On-site training is… not really solved yet. Not efficiently, at any rate: any task can be trained with sufficient compute and/or examples, but probably more than most companies would care to bother with, and certainly more than we'd get onto one of the chips in the article.
That's not to diss the chips: As I understand it, one of the biggest issues is the power envelope of mobile units, which means making the computations more energy efficient is going to help massively, it's just that "training" and "inference" are currently very distinct tasks with very different hardware requirements.
(Also, I'm not sure if you mean those examples as illustrations or are serious about them: if you're serious, I suspect an old-fashioned robot arm bolted to the ground and following a pre-programmed path will probably cover your needs — GOFAI is great in restricted domains, the more modern AI models are more appropriate when the environment is more chaotic and less predictable, such as collaborating in a kitchen that also has humans or being asked on the fly to do a new recipe it's never encountered before).
> NorthPole's core array includes 192 MB of flexible memory (768KB of unified memory per core). Assigning 2/3rd of this memory to parameters, such as weights and biases, provides 128MB for network storage.
https://www.science.org/doi/suppl/10.1126/science.adh1174/su...
My understanding is that this is a small energy-efficient chip for edge computing, like to stuff in an IoT device. Way too little memory to expect to run any recent language models, but could maybe do some basic object detection in a doorbell camera, for example.
The article's author seems to believe 224 megabytes is a huge amount of memory, and is a few orders of magnitude too low on the ChatGPT estimate too.
And Tesla’s Dojo is already running processors and memory together at wafer scale, as are a number of startups.

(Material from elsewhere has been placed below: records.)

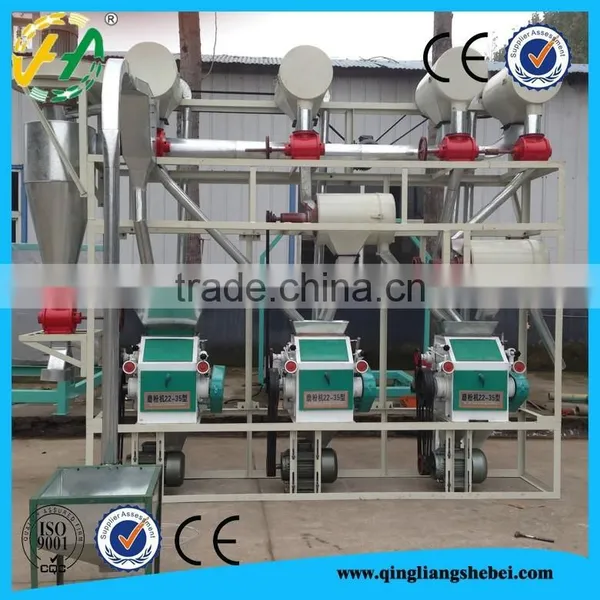 Manufacturer of Automatic Small Wheat Flour Mill photo-2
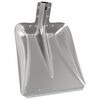 vidaXL Cap de lopată Argintiu 45 x 38 cm Aluminiu
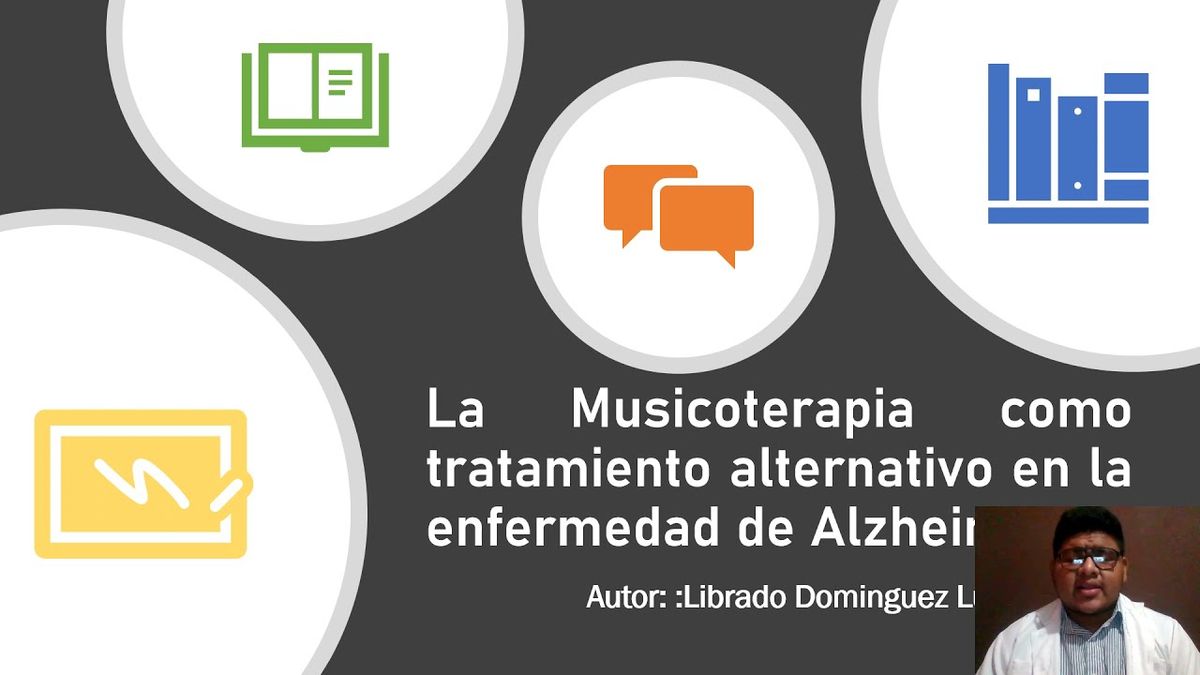 HID191 - La Musicoterapia como Tratamiento Alternativo en la Enfermedad de Alzheimer
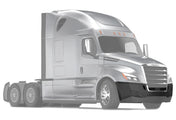 Bumper w/out Fog Lamp Holes Plastic 2018+ Freightliner Cascadia 126 116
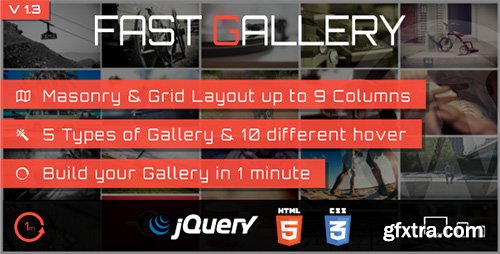 CodeCanyon - Fast Gallery v1.3 - Premium Wordpress Plugin - 7858328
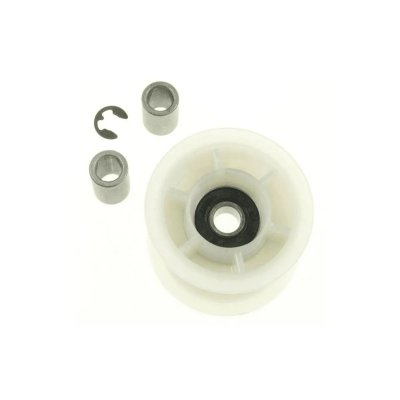 WHIRLPOOL . KIT POULIE TENDEUR + CIRCLIPS. Ref: 484000008521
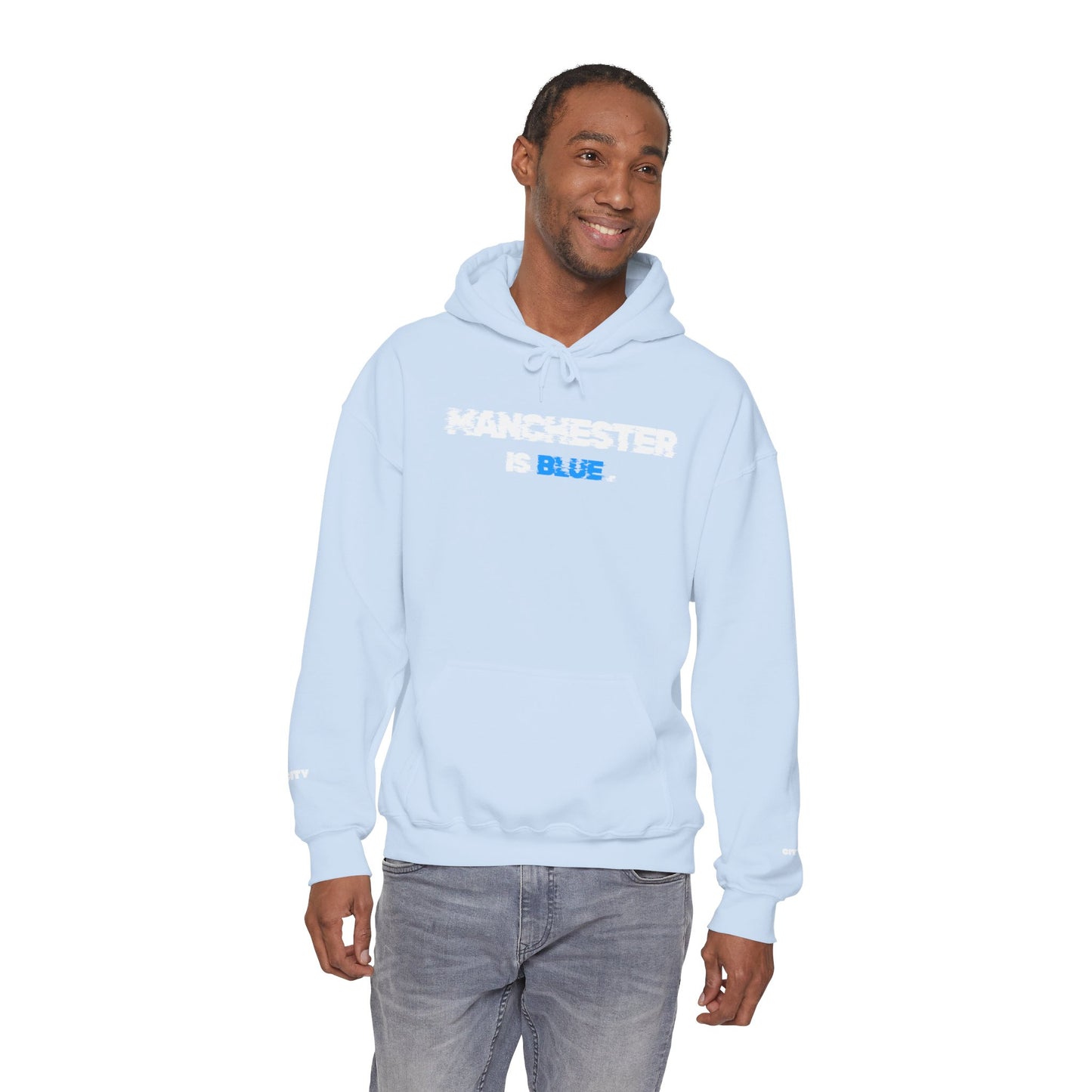 Hoodie Capuche Mixte - Manchester City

I love it when uninformed writers just regurgitate the press release rather than do research to give context.
It's also pretty clear this is a prototype, not a final product that can never be improved in any possible way.
"It's worth clarifying a few things early here. First, NorthPole does nothing to help the energy demand in training a neural network; it's purely designed for execution. Second, it is not a general AI processor; it's specifically designed for inference-focused neural networks. As noted above, inferences include things like figuring out the contents of an image or audio clip so they have a large range of uses, but this chip won't do you any good if your needs include running a large language model."
[0] https://arstechnica.com/science/2023/10/ibm-has-made-a-new-h...
The problem is that even that amount of memory is tiny by today's LLM standards.